Page MenuHomePhabricator

Prometheus: attach host's BGP/interface remote side metrics
Closed, ResolvedPublic

Description

Forking from one of the chosen path for T384731: Prevent BGP alerts triggering when K8s host maintenance is being done : being able to assign "remote" side metrics to devices (servers and potentially network devices as well).

Interesting metrics could for example be interface status, BGP status, learned/advertised/prefixes.

This would allow nice things like :

  • More accurate alerting (eg. notify the service owner)
  • Easier correlation (verify that local and remote side are similar)

@fgiunchedi provided guidelines on how to implement that in the parent task.

Experimenting with it raises some issues, nothing blocking so far.

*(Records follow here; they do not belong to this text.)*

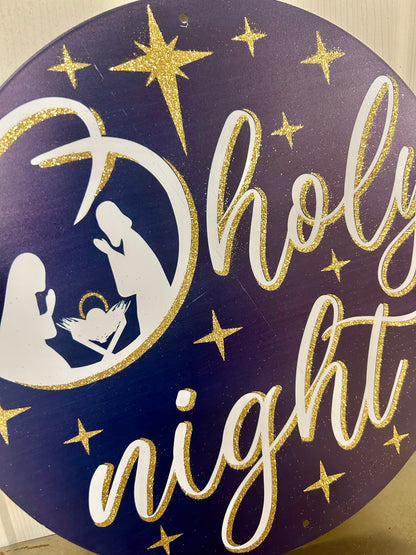 12 Inch Glitter O Holy Night Metal Sign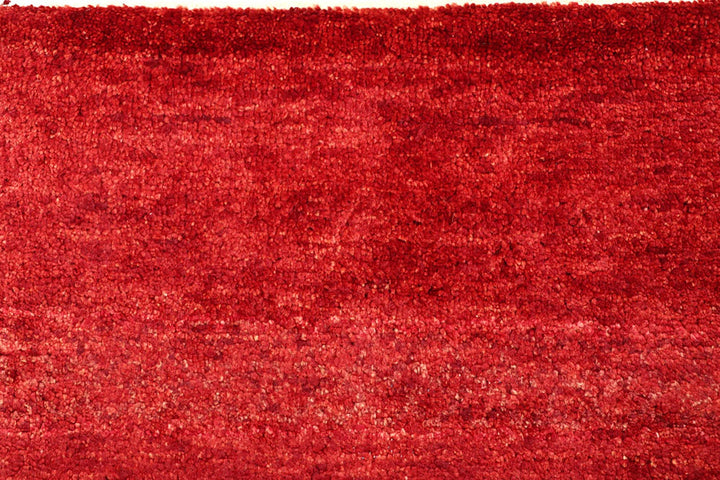 Red Gabbeh Rug 4' x 6' Hand-Knotted | No. QA13744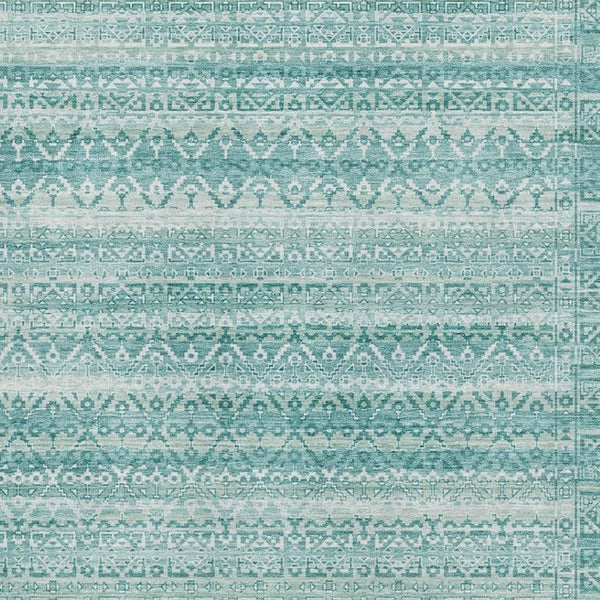HomeRoots 10' Aqua and Ivory Striped Area Rug - Washable, UV Protected, Durable, Perfect for Coastal Decor! 717815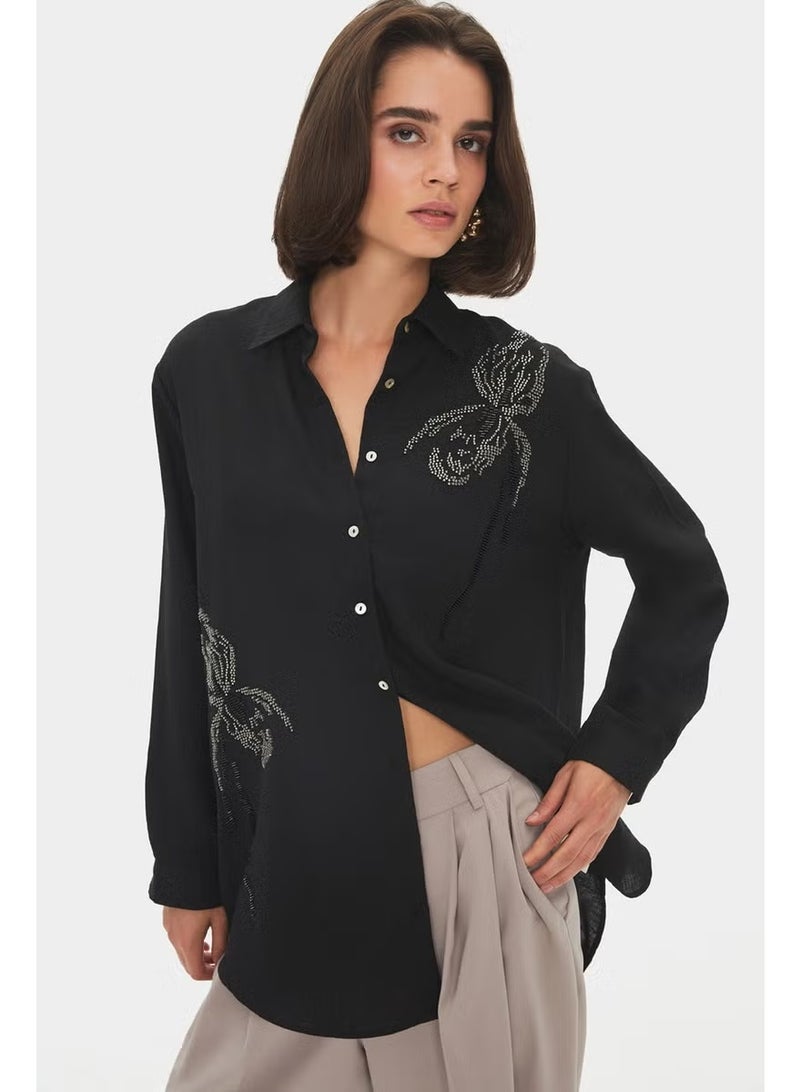JUNE Women's Exclusive Oversize/loose Cut Embroidered Detailed Shirt - Image 2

First, if we want to do a label swap, instance <-> peer_descr, the query gets a bit complex :

sum without (instance_tmp) (
  label_replace(
    label_replace(
      label_replace(gnmi_bgp_neighbor_session_state{peer_group!~"(IX|Transit|bgptools)[46]", peer_descr!="(null)"},
        "instance_tmp", "$1:0", "peer_descr", "(.*)"
      ),
      "peer_descr", "$1:0", "instance", "(.*)"
    ),
    "instance", "$1", "instance_tmp", "(.*)"
  )
)

If we don't want to swap it, but instead create a new label with a more explicit name, it's a bit better :

sum without (peer_descr) (
  label_replace(
    label_replace(gnmi_bgp_neighbor_session_state{peer_group!~"(IX|Transit|bgptools)[46]", peer_descr!="(null)"},
      "remote_instance", "$1:0", "instance", "(.*)"
    ),
    "instance", "$1:0", "peer_descr", "(.*)"
  )
)

Here i used remote_instance to keep it generic enough. But it could be peer_instance, suggestions welcome.

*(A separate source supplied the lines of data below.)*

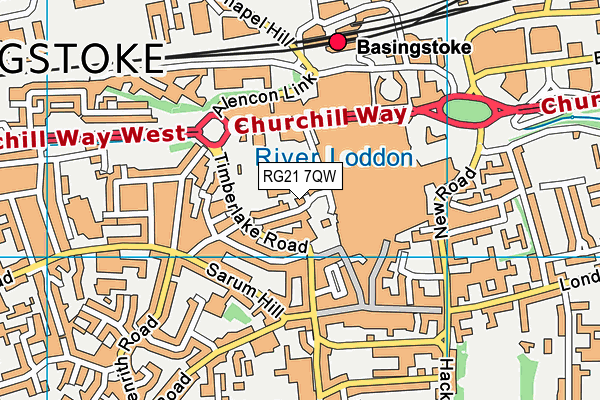 RG21 7QW map - OS VectorMap District (Ordnance Survey) RG21 7QW map - OS VectorMap District (Ordnance Survey)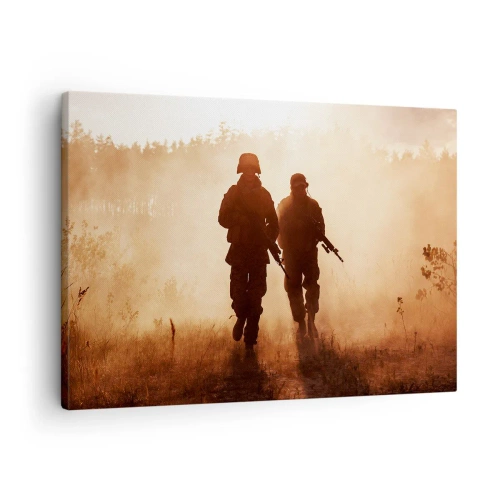 Lærredstryk - Billede på lærred - Soldater marcherer i morgentågen mod en baggrund af naturen - 70x50cm - Call of Duty - Moderne vægdekoration til stue og soveværelse ARTTOR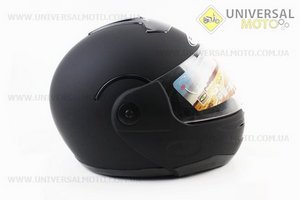 Шлем закрытый с откидным подбородком HF-108 M- ЧЕРНЫЙ матовый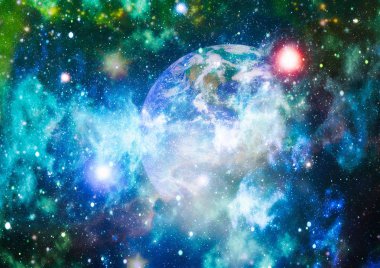 Uzay yörüngesindeki Dünya gezegeni, yörüngeden gezegenimiz. Nasa tarafından döşenmiş bu görüntü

Then comes the filtering, here for my testing I went for a denylist : peer_group!~"(IX|Transit|bgptools)[46]", peer_descr!="(null)"
But we could also add a ASN range allowlist, or more specific allow list, but it is getting quite large overall.

chatting with Filippo, there is not too much a risk of "polluting" metrics with invalid instance. But I think we should still aim at keeping it clean.

Next issue is the :0 in the instance name.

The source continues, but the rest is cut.